I have been cursing myself for the last ten minutes. Actually, I’ve been cursing myself for the last 35 years.
It all started in kindergarten. The student that answered the phonics question correctly first was rewarded with a piece of candy. I wanted to be the one lucky student, the smart one, the chosen one, the one who got to suck long and hard on a piece of candy during recess. Sticking out a green, blue or purple tongue was the ultimate symbol of five-year-old society.
I still remember clearly the day my hand finally shot up as quickly as I willed it to. I remember staring at the little card the teacher was holding up for eternity. I could taste the sugary sweetness of victory. I blurted out the answer—or at least what I hoped was the answer.
You see, the letters on paper and their sounds just made no sense to me. Alas, that day was no different. I was destined to be a non-reader for my kindergarten year. Today teachers would call me a “pre-reader.”

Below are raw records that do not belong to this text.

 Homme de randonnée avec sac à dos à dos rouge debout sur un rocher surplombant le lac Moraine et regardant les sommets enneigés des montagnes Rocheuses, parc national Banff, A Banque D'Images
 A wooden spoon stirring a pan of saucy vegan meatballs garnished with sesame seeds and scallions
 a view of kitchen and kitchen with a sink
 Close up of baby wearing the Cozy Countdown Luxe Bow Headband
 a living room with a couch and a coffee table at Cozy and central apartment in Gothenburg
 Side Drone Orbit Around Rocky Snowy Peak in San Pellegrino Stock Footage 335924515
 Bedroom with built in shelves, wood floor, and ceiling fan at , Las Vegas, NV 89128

But no matter what I was labeled by teachers, I knew what I really was and that day it became clearly etched in my mind. A failure.
First grade started. Reading was easier but writing was still a challenge. It was around Christmastime when the teacher put a word on the board: Northpole. The student who could make the most words out of that word would win. Sweet retribution.

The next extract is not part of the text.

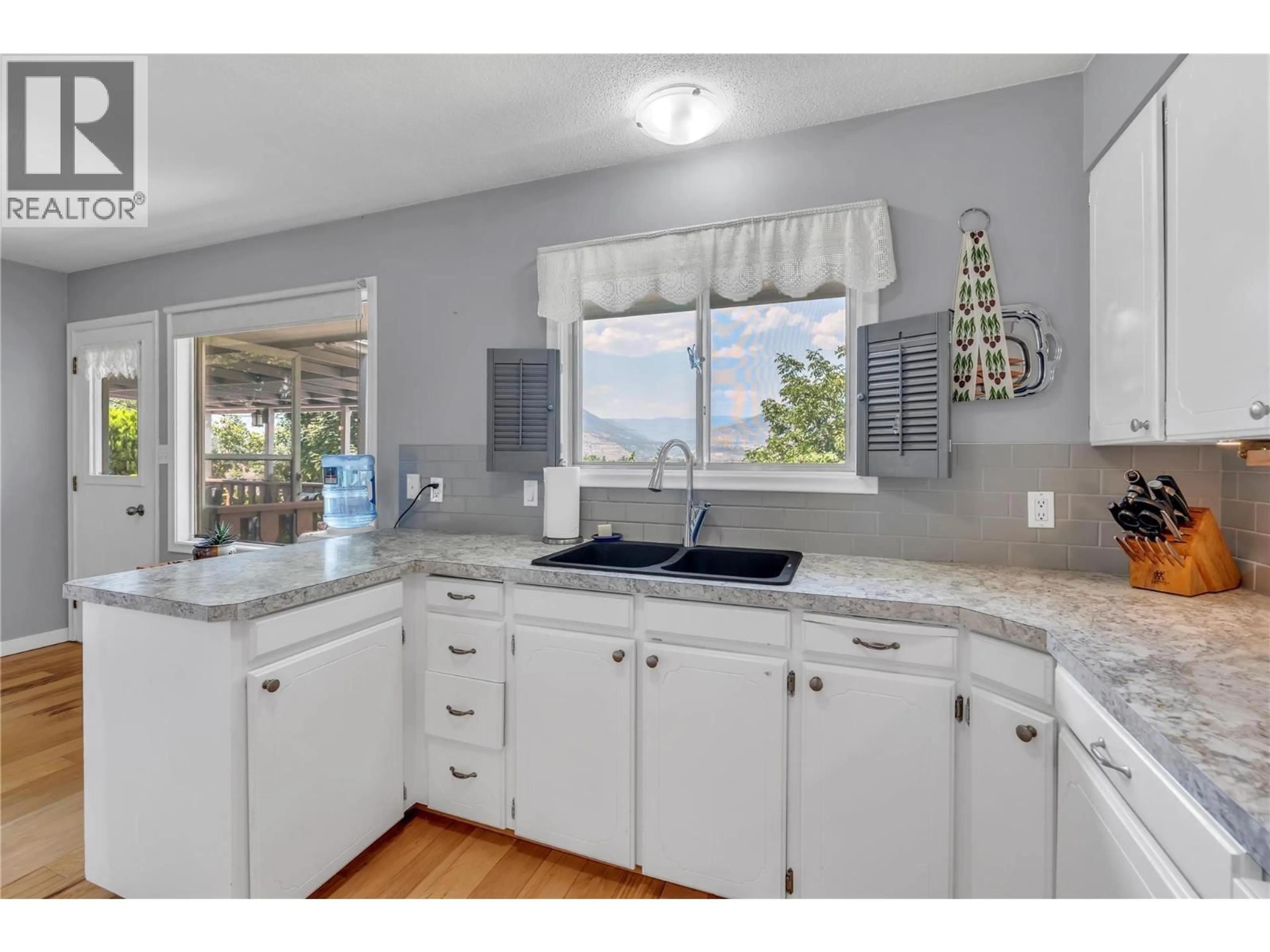 Open concept kitchen, ceramic/tile floor for 707 ROSS AVENUE, Penticton British Columbia V2A3A5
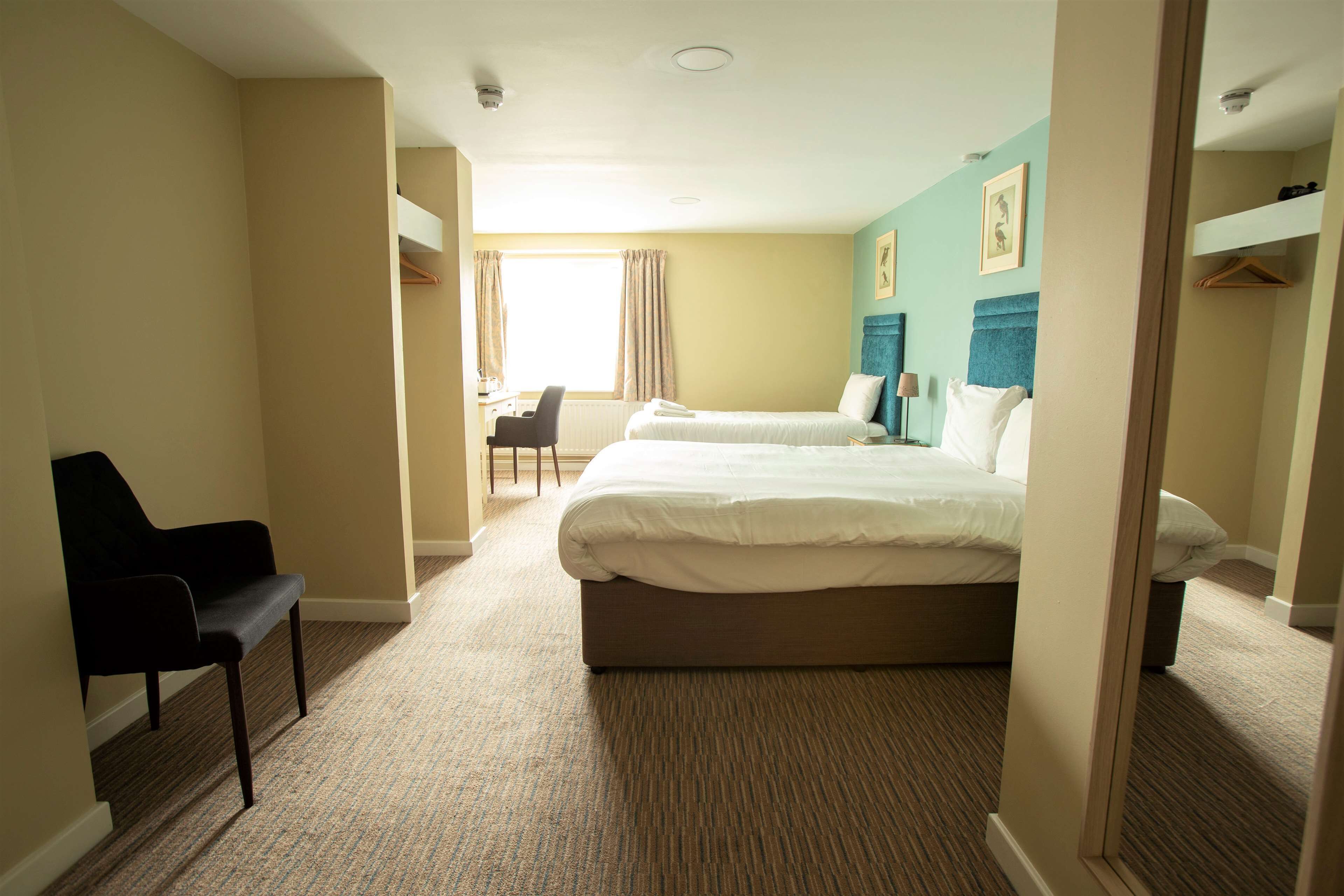 A hotel room with two beds, a desk, and a chair.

She called us to the front of the room one by one where we were to read our words outloud and spell them for the class. It was down to me and one other student.
Again, the sweet taste of victory was within reach. With cotton in my mouth and sweat on my palms I began reading. And spelling.

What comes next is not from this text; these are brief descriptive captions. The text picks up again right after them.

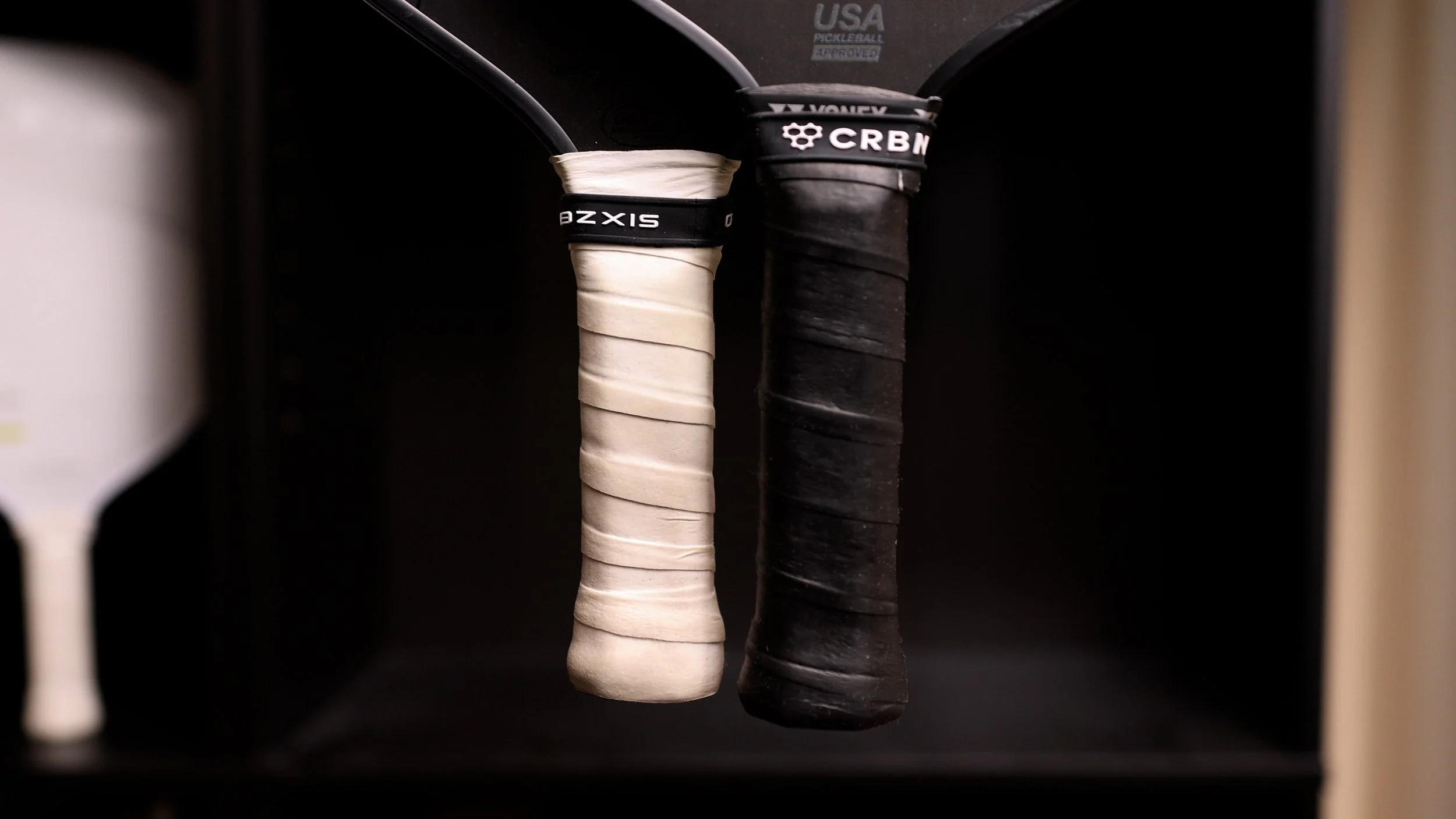 Six Zero and CRBN pickleball paddle handle comparison showing grip sizes side by side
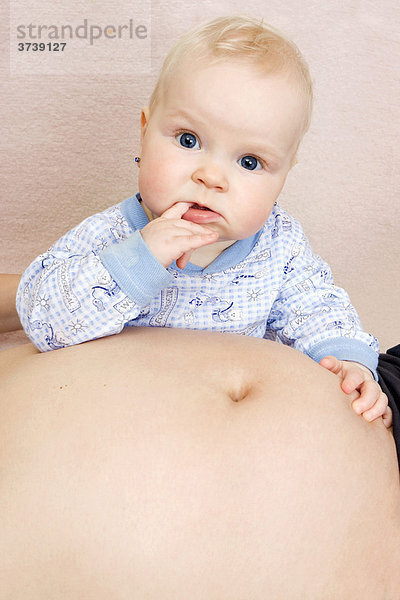 Baby  7 Monate  mit dem Bauch der schwangeren Mutter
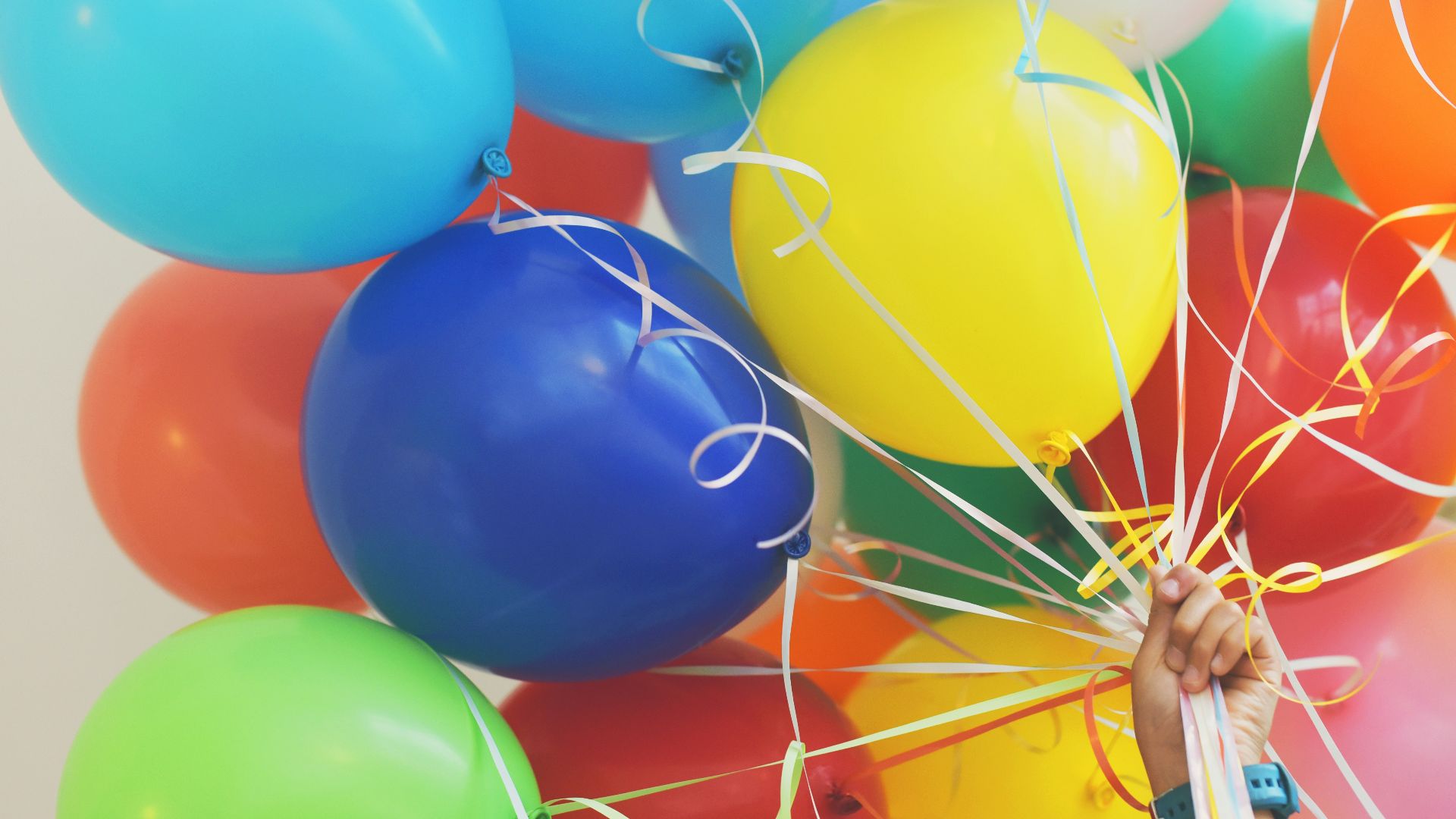 person holding balloons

As she issued her stern verdict of my performance, heat crept up my neck and tears stung my eyes. I finally made the endless three-step journey back to my seat where I could safely slump in my chair until the wave of shame and humiliation passed.
I’m proud to say I moved out of the bluebird group. It took me until third grade but I finally got to be a member of the gold readers.
But then in fourth grade, students became grouped by reading and math skills. I was doomed from day one. A mathematical genius I was not. I found a coping mechanism. I embraced words and shunned all things numeric.
This morning I temporarily forgot I was no counting whiz. I forgot that all sentences containing numbers must be read and proofed a jillion times in my world.
And, I had this momentary feeling of freedom, pride and joy as I hit the “place order” button on my computer. I was taking care of a third of my list at once.
Only after I got the email confirming my order did I realize that delivery “in time for Christmas” would be too late. My calendar said my Christmas would happen the week before the numeric Christmas happened.
I felt like I was in first grade again, or maybe fifth.
I thanked God for grace, hoped for a small Christmas miracle and said a little prayer, sighing my worries of Christmas failure out to Jesus. I wondered if Mary felt the sting of Christmas failure when she wrapped her baby in rags and placed the Son of God in a dirty feeding trough.
I remembered that it is in weakness He is made strong and I acknowledged my own weak state and invited His great strength. I thanked Jesus for enduring a stinky stable, a hard life of manual labor and a ministry that ended in death—that we might have life.
The Word became flesh and made his dwelling among us. We have seen his glory, the glory of the one and only Son, who came from the Father, full of grace and truth…Out of his fullness we have all received grace in place of grace already given...“My grace is sufficient for you, for my power is made perfect in weakness.” ... For when I am weak, then I am strong.